Re: [kolizja] Czy Art. 27.1a miał tutaj zastosowanie?

Postprzez mp0011 » piątek 28 sierpnia 2015, 13:49

Moim skromnym zdaniem, jako rowerzysty:
- pomijam fakt braku kierunkowskazów
- uważam, że rowerzysta jechał swoim niewyznaczonym pasem, choć wiem, że wielu się tu ze mną nie zgodzi*.
- rowerzysta miał prawo wyprzedzać wolno jadący pojazd prawą stroną.

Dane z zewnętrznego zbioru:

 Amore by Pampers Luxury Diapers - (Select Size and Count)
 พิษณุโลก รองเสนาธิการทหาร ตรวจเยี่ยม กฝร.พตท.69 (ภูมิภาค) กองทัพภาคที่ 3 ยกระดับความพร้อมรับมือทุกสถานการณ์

Podobną sytuację miałem wcześniej, nawet na tym forum...
https://drive.google.com/file/d/0B3oLHp ... VyQUU/view

----
* Dla mnie jest to mój pas ruchu.
Rozważmy: Czy gdybym na pasie na którym nie zmieszczą się dwa pojazdy wielośladowe - a więc w myśl przepisów nie było tam dwóch pasów ruchu (niewyznaczonych) - chciał zjechać rowerem od prawej krawędzi do osi jezdni musiałbym to sygnalizować? Przecież nie zmieniam kierunku jazdy, a twierdzicie, że jest to jeden pas, więc go też nie zmieniam...
  • Zakręt - jazda łukiem, niezależnie od jego promienia, nie jest zmianą kierunku jazdy w rozumieniu UPRD, chyba że znaki stanowią inaczej.
  • Jazda Prosto - oznacza w rozumieniu UPRD jazdę bez zmiany kierunku jazdy, niekoniecznie w linii prostej.
mp0011
 
Posty: 2472
Dołączył(a): poniedziałek 23 marca 2015, 01:15

Re: [kolizja] Czy Art. 27.1a miał tutaj zastosowanie?

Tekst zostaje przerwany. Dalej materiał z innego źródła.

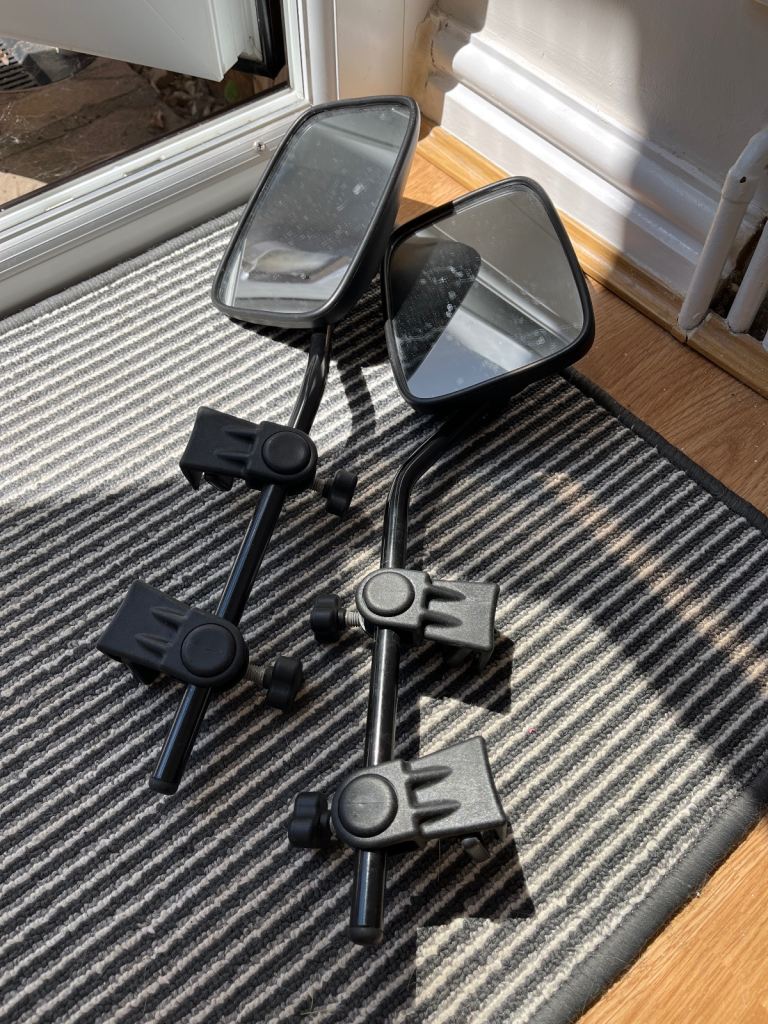 Falcon car mirrors for towing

Postprzez waw » piątek 28 sierpnia 2015, 14:40

Takie moje spostrzeżenie. Otwórzcie sobie w 0:16 i widać ewidentnie że do kontaktu rowerzysty z pojazdem nie doszło. Rowerzysta hamował awaryjnie w sposób niewłaściwy bo przednim kołem i przez to go przerzuciło.
waw
 
Posty: 1858
Dołączył(a): niedziela 05 lipca 2015, 13:59

Re: [kolizja] Czy Art. 27.1a miał tutaj zastosowanie?

Postprzez mp0011 » piątek 28 sierpnia 2015, 14:47

waw napisał(a):Takie moje spostrzeżenie. Otwórzcie sobie w 0:16 i widać ewidentnie że do kontaktu rowerzysty z pojazdem nie doszło. Rowerzysta hamował awaryjnie w sposób niewłaściwy bo przednim kołem i przez to go przerzuciło.

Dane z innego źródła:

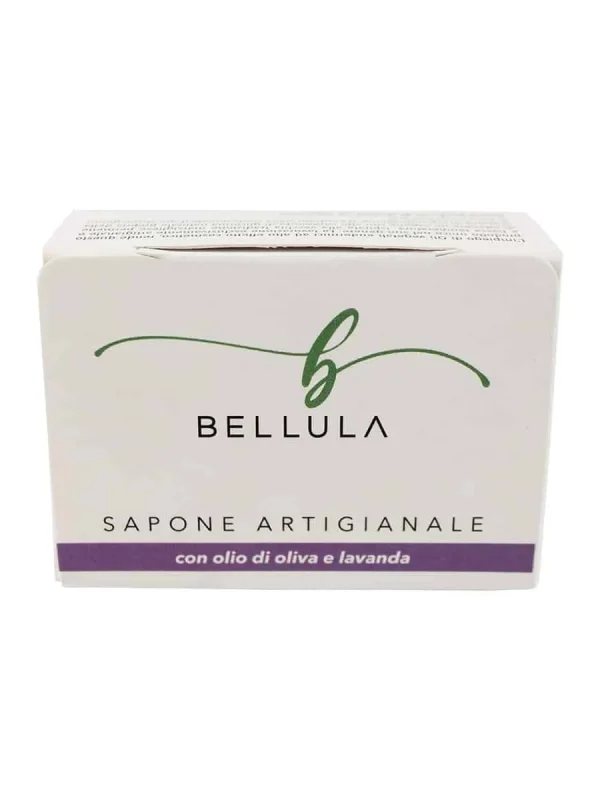 Sapone artigianale olio oliva e lavanda 100g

Akurat to, którym kołem się hamuje, zależy od roweru. Kolarką hamuje się głównie przodem. Hamując tyłem powodujemy, że środek ciężkości leci do przodu i tylne koło nie jest dociążone - zaczyna się ślizgać i nie hamuje wcale. Przednie natomiast przy hamowaniu jest dociążone dodatkowo i działa znacznie lepiej. Błędem było nie wysunięcie tyłka za siodło, do tyłu - ale na to było za mało czasu.
  • Zakręt - jazda łukiem, niezależnie od jego promienia, nie jest zmianą kierunku jazdy w rozumieniu UPRD, chyba że znaki stanowią inaczej.
  • Jazda Prosto - oznacza w rozumieniu UPRD jazdę bez zmiany kierunku jazdy, niekoniecznie w linii prostej.
mp0011
 
Posty: 2472
Dołączył(a): poniedziałek 23 marca 2015, 01:15

Re: [kolizja] Czy Art. 27.1a miał tutaj zastosowanie?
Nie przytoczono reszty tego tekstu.